Cities and countries represent a challenge with regard to emissions counting as production of goods and services within their territory can be related either to domestic consumption or exports. Conversely the citizens also consume imported goods and services. To avoid double counting in any emissions calculation it should be made clear where the emissions are to be counted: at the site of production or consumption. This may be complicated given long production chains in a globalized economy. Moreover, the embodied energy and consequences of large-scale raw material extraction required for renewable energy systems and electric vehicle batteries is likely to represent its own complications – local emissions at the site of utilization are likely to be very small but life-cycle emissions can still be significant.
Carbon is used as both a source of electricity and a feedstock in energy-intensive industries, making decarbonization impossible. If CO2 emissions and sources are to be captured and stopped from entering the atmosphere, an alternate chemical solution must be formulated that achieves the desired output while not releasing CO2 as a by-product.
Carbon neutral fuels are those that neither contribute to nor reduce the amount of carbon into the atmosphere. Before an agency can certify an organization or individual as carbon neutral, it is important to specify whether indirect emissions are included in the Carbon Footprint calculation. Most Voluntary Carbon neutral certifiers in the US, require both direct and indirect sources to be reduced and offset. As an example, for an organization to be certified carbon neutral, it must offset all direct and indirect emissions from travel by 1 lb CO2e per passenger mile, and all non-electricity direct emissions 100%. Indirect electrical purchases must be equalized either with offsets, or renewable energy purchases. This standard differs slightly from the widely used World Resources Institute and may be easier to calculate and apply.
Much of the confusion in carbon neutral standards can be attributed to the number of voluntary carbon standards which are available. For organizations looking at which carbon offsets to purchase, knowing which standards are robust, credible and permanent is vital in choosing the right carbon offsets and projects to get involved in. Some of the main standards in the voluntary market include Verified Carbon Standard, Gold Standard and The American Carbon Registry. In addition companies can purchase Certified Emission Reductions (CERs) which result from mitigated carbon emissions from United Nations Framework Convention on Climate Change approved projects for voluntary purposes. The concept of shared resources also reduces the volume of carbon a particular organization has to offset, with all upstream and downstream emissions the responsibility of other organizations or individuals. If all organizations and individuals were involved then this would not result in any double accounting.

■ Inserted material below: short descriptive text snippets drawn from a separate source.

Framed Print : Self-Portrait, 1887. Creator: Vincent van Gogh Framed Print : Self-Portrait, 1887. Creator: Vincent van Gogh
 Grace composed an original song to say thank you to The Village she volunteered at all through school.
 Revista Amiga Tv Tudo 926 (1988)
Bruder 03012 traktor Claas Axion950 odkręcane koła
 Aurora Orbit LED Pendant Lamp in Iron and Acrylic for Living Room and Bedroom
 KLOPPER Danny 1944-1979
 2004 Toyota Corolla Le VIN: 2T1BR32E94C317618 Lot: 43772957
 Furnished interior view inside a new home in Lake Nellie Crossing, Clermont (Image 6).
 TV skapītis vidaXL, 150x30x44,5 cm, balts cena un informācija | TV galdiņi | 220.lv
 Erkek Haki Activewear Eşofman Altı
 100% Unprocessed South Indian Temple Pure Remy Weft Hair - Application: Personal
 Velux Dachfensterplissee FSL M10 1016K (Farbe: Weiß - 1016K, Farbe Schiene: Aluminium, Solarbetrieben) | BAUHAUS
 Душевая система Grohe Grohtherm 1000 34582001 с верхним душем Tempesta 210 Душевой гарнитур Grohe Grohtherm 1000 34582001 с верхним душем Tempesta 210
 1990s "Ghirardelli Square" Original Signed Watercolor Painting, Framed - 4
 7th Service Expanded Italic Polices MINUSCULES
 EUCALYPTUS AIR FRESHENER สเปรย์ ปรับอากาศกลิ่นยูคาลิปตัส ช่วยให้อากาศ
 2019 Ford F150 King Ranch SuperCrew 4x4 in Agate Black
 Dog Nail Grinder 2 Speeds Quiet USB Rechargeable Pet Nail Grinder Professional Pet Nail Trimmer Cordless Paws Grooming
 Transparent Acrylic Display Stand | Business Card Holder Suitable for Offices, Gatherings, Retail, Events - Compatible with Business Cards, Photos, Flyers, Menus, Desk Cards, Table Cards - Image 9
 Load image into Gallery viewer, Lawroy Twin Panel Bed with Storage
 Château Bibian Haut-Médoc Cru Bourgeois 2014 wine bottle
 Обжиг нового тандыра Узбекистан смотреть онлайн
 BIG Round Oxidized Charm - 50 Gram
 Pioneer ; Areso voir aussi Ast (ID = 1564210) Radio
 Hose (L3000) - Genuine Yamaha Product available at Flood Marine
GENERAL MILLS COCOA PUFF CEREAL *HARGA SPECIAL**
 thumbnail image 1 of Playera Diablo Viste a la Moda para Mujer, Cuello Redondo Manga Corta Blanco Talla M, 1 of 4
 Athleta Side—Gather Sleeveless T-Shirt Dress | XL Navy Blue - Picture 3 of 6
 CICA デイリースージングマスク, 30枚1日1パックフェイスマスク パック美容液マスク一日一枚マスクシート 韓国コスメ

Regarding terminology in UK, in December 2011 the Advertising Standards Authority (in an ASA decision which was upheld by its Independent Reviewer, Sir Hayden Phillips) controversially ruled that no manufactured product can be marketed as "zero-carbon", because carbon was inevitably emitted during its manufacture. This decision was made in relation to a solar panel system whose embodied carbon was repaid during 1.2 years of use and it appears to mean that no buildings or manufactured products can legitimately be described as zero carbon in its jurisdiction.
Being carbon neutral is increasingly seen as good corporate or state social responsibility, and a growing list of corporations, cities and states are announcing dates for when they intend to become fully neutral. Many countries have also announced dates by which they want to be carbon neutral, with many of them targeting the year 2050. However, setting an earlier date (i.e. 2025, 2030, or 2045) may be considered to send out a stronger signal internationally, and is recommended by the Climate Crisis Advisory Group. Also, delaying significant action to reduce greenhouse gas emissions is increasingly being considered to not be a financially sound idea.
The original Climate Neutral Network was an Oregon-based non-profit organization founded by Sue Hall and incorporated in 1999 to persuade companies that being climate neutral was potentially cost saving as well as environmentally sustainable. It developed both the Climate Neutral Certification and Climate Cool brand name with key stakeholders such as the United States Environmental Protection Agency, The Nature Conservancy, the Rocky Mountain Institute, Conservation International, and the World Resources Institute and succeeded in enrolling the 2002 Winter Olympics to compensate for its associated greenhouse gas emissions.
Few companies have actually attained Climate Neutral Certification, applying to a rigorous review process and establishing that they have achieved absolute net zero or better impact on the world's climate. Another reason that companies have difficulty in attaining the Climate Neutral Certification is due the lack clear guidelines on what it means to make a carbon neutral development. Shaklee Corporation became the first Climate Neutral certified company in April 2000. The company employs a variety of investments, and offset activities, including tree-planting, use of solar energy, methane capture in abandoned mines and its manufacturing processes. Climate Neutral Business Network states that it certified Dave Matthews Band's concert tour as Climate Neutral. The Christian Science Monitor criticized the use of NativeEnergy, a for-profit company that sells offset credits to businesses and celebrities like Dave Matthews.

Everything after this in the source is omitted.